Но теперь, в это промозглое декабрьское утро, когда и без обливания сыро и зябко, видеть, как человек окатывается студеной водой, было не по себе.
«Молодец Александр Васильевич!» – подумал Кутузов и стал подыматься с неудобной тростниковой постели.
Не надевая мундира, Михаил Илларионович поеживаясь вышел из палатки.
Лагерь еще спал. Над потухшими кострами лишь кое-где вился слабый дымок. Озябшие часовые, засунув руки в рукава шинелей и прижав ружья к груди, стояли нахохлившись.
А вдали, как горная гряда, высились измаильские стены. За стенами небось тепло: там дома, печи…
– Здравия желаю, Александр Васильевич! – приветствовал Суворова Кутузов.
– А-а, Мишенька! Здравствуй, дорогой. Сбрасывай все да обливайся! – предложил Суворов, не прекращая бега.
– Нет, благодарствую, Александр Васильевич, я не умею! – ответил, улыбаясь, Кутузов.
– Наука невелика! – крикнул Суворов, пробегая мимо.
– Наука, верно, не горазд велика, да больше-то дураков так скакать не сыщешь! – сурово ответил вместо Кутузова Прошка.
Он подошел к Кутузову с ведром, кружкой и полотенцем – собирался помочь гостю умываться, Михаил Илларионович подставил Прошке ладони, денщик стал лить на руки Кутузову воду и продолжал бурчать:
– Нет того, чтобы умываться по-человечески, а все, прости господи, полощется, как воробей в луже… Давеча прибыл из Петербурху французский герцог Впросак, – вспоминал Прошка. – Увидал, как он козлом скачет, спрашивает: «Какой это, спрашиват, полоумной у вас?» Ей-богу! – рассказывал, вытаращив глаза, денщик.
– Твой герцог Фронсак столько же смыслит, сколь и ты! – беззлобно сказал Суворов, окончив бег и подходя к завалинке, где его ждал с одеждой казак.
– Это самый лучший способ дышать воздухом. По-моему, ничего нет здоровее! Советую тебе, Мишенька, заняться, а то вон как ты, помилуй бог, раздался! – говорил Александр Васильевич, одеваясь.

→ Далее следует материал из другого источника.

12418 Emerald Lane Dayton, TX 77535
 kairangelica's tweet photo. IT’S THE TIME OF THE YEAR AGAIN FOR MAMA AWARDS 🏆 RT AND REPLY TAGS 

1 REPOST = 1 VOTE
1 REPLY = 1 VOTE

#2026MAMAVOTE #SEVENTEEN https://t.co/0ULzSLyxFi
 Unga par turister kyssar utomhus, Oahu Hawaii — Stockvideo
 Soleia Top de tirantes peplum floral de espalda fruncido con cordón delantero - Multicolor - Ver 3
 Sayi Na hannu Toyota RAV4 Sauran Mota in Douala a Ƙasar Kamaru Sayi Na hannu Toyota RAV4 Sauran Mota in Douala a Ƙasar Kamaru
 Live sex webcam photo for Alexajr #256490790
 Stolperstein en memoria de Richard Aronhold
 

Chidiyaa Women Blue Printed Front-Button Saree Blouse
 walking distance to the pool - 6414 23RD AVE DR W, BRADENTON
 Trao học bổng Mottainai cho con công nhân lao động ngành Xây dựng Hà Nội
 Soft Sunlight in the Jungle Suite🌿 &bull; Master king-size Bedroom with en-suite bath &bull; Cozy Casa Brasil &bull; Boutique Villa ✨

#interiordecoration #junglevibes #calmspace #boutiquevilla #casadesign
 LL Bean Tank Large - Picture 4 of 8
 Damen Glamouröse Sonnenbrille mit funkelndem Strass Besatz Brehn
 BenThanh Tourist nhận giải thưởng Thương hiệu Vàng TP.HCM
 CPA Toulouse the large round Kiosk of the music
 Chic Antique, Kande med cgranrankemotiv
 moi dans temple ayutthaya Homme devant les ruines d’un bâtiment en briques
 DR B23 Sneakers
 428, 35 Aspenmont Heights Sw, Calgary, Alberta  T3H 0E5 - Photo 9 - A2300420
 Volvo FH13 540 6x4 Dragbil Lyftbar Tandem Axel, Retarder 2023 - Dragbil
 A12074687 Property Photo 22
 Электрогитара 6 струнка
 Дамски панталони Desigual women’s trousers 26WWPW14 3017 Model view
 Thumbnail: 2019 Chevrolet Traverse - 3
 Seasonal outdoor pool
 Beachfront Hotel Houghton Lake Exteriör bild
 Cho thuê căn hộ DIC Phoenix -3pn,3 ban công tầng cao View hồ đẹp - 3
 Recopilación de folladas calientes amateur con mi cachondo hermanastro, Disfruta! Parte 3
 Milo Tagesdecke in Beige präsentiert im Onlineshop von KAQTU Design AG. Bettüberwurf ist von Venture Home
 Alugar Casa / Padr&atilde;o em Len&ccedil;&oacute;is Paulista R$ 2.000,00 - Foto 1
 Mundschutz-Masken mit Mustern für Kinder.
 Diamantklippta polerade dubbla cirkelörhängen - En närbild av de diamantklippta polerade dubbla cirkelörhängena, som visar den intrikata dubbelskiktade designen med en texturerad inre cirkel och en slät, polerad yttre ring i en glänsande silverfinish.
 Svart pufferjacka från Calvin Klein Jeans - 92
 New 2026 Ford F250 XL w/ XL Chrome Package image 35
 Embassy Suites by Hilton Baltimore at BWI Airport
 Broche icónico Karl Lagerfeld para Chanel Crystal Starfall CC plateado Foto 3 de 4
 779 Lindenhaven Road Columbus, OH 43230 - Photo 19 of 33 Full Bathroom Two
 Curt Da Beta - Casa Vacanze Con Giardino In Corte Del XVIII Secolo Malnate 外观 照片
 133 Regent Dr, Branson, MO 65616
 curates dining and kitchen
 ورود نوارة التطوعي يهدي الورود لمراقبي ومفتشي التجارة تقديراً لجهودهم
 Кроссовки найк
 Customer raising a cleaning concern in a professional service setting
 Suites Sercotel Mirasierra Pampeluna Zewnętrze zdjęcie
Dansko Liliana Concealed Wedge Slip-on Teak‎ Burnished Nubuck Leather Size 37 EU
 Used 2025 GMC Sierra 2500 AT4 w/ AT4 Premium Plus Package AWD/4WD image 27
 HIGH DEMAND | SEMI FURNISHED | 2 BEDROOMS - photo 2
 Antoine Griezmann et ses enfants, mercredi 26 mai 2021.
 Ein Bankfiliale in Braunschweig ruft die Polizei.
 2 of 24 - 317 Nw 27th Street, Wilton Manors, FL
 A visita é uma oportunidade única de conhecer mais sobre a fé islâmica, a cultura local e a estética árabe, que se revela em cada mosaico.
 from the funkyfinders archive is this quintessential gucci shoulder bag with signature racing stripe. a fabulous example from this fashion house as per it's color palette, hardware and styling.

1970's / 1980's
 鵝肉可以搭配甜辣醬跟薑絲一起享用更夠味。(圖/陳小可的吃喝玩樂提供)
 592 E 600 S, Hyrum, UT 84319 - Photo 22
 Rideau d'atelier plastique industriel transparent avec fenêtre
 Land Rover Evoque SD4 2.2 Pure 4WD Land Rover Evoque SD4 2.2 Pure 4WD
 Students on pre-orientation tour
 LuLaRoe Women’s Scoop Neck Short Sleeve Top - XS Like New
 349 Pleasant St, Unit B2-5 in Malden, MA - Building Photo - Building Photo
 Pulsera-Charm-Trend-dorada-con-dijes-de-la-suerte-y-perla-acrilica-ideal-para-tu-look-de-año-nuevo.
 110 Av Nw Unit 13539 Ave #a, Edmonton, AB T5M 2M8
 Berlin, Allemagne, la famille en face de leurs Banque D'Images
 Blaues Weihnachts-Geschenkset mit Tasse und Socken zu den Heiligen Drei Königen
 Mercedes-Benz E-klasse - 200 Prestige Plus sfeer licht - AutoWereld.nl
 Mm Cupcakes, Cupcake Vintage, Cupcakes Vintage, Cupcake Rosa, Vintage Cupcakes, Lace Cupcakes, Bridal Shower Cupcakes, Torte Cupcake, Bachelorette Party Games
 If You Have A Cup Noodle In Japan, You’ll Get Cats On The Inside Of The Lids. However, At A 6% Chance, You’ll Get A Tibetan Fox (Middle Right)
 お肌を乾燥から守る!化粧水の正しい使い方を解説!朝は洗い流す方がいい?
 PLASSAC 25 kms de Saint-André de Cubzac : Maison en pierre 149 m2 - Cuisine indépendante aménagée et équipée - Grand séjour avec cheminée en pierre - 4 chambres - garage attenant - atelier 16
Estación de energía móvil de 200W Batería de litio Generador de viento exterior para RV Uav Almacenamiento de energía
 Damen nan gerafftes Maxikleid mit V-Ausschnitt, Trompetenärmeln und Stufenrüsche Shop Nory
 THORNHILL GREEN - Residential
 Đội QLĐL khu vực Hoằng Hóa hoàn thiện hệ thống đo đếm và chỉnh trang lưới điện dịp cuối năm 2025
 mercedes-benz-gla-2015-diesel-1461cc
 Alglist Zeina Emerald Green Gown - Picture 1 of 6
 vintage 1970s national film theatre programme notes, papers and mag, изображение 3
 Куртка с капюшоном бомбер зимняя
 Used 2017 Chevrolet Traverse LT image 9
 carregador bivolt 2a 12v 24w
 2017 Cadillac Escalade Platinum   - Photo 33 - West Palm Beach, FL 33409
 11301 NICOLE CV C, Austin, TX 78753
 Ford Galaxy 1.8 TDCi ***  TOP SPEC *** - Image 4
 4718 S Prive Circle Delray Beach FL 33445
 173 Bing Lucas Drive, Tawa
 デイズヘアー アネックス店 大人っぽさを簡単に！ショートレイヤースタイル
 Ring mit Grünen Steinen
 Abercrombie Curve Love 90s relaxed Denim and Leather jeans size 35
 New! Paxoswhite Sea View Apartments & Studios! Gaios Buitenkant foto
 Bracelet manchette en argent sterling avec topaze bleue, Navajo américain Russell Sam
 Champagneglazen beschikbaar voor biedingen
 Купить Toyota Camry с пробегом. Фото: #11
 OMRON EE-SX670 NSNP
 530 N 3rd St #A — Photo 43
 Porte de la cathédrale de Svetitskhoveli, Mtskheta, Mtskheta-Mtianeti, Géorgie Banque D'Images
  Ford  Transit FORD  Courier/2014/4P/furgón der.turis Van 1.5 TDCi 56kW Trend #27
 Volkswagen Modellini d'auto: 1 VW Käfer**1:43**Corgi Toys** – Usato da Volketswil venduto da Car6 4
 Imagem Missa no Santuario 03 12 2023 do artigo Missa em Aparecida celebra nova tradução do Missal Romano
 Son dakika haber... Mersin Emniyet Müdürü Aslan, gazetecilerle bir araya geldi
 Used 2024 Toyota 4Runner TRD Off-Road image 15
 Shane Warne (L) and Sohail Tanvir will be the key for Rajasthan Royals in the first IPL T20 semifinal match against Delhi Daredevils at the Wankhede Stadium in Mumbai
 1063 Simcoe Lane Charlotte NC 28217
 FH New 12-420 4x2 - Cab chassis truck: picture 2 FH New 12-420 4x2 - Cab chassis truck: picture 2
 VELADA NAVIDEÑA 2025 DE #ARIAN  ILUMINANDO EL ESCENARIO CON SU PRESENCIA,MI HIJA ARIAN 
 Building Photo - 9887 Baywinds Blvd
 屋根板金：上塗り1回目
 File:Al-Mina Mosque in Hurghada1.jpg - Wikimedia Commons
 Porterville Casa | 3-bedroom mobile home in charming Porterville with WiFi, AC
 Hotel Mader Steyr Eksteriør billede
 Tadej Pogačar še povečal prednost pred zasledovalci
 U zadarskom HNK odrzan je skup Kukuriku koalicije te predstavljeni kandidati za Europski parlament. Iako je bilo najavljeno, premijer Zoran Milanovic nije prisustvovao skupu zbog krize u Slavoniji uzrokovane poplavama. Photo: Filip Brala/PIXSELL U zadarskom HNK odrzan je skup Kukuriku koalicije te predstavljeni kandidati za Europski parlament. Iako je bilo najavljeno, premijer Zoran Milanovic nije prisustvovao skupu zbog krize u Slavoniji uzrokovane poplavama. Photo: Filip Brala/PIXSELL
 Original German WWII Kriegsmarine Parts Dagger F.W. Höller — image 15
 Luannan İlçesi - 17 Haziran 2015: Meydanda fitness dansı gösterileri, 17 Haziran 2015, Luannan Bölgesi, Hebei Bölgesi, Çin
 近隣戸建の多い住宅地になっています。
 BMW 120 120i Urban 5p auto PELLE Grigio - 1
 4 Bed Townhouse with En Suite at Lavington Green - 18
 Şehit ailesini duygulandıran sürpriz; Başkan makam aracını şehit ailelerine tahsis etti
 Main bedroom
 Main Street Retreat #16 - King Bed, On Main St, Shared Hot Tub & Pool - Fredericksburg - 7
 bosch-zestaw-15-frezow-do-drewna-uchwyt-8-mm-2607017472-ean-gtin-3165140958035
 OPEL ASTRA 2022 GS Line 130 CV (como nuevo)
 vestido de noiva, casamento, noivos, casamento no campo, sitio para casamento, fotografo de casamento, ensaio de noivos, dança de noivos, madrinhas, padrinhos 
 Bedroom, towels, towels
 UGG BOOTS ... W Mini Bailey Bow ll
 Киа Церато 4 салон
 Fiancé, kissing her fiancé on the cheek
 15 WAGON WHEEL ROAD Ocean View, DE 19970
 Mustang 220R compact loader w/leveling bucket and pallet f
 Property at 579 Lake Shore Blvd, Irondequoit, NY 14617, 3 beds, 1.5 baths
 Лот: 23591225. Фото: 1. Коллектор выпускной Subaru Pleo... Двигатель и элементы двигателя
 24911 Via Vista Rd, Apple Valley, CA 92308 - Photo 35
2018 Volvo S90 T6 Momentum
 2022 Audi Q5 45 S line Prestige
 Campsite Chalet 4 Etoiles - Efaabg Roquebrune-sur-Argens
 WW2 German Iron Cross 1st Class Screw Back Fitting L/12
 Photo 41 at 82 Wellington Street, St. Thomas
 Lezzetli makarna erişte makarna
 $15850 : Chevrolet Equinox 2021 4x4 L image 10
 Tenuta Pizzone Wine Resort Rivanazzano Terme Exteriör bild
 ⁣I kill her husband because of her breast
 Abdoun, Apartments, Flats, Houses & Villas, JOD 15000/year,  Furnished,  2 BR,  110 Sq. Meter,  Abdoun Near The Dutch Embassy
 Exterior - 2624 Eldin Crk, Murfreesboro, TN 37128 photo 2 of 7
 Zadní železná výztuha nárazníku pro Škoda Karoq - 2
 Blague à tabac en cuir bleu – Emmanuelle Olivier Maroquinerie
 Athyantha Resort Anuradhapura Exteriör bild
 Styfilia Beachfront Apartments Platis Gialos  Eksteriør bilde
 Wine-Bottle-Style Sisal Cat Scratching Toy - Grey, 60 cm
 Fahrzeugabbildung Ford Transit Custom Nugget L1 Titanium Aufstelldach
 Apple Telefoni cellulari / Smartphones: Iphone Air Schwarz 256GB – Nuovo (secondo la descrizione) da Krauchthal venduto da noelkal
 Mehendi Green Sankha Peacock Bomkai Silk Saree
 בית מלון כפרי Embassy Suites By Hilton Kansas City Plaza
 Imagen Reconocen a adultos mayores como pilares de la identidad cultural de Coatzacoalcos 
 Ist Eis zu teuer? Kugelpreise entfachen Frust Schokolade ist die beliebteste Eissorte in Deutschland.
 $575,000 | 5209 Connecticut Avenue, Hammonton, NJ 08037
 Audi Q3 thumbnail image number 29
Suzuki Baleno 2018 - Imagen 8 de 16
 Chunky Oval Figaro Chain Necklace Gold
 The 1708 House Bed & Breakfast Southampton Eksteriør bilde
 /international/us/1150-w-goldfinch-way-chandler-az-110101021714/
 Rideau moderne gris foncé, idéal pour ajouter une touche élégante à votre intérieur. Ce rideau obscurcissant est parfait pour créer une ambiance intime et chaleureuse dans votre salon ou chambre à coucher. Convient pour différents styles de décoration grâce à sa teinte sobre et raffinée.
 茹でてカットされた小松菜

– Да, брюхо у меня действительно… – утирая лицо полотенцем, виновато оглядывался Кутузов. – Но так бегать я, Александр Васильевич, отяжелел. А не побегать после обливания – закоченеешь на здешнем-то холоду.
– Ничего. Вот сейчас мы напьемся горяченького чайку, согреемся – и в путь! Пока осман почивает, – сказал Суворов, думая уже о другом.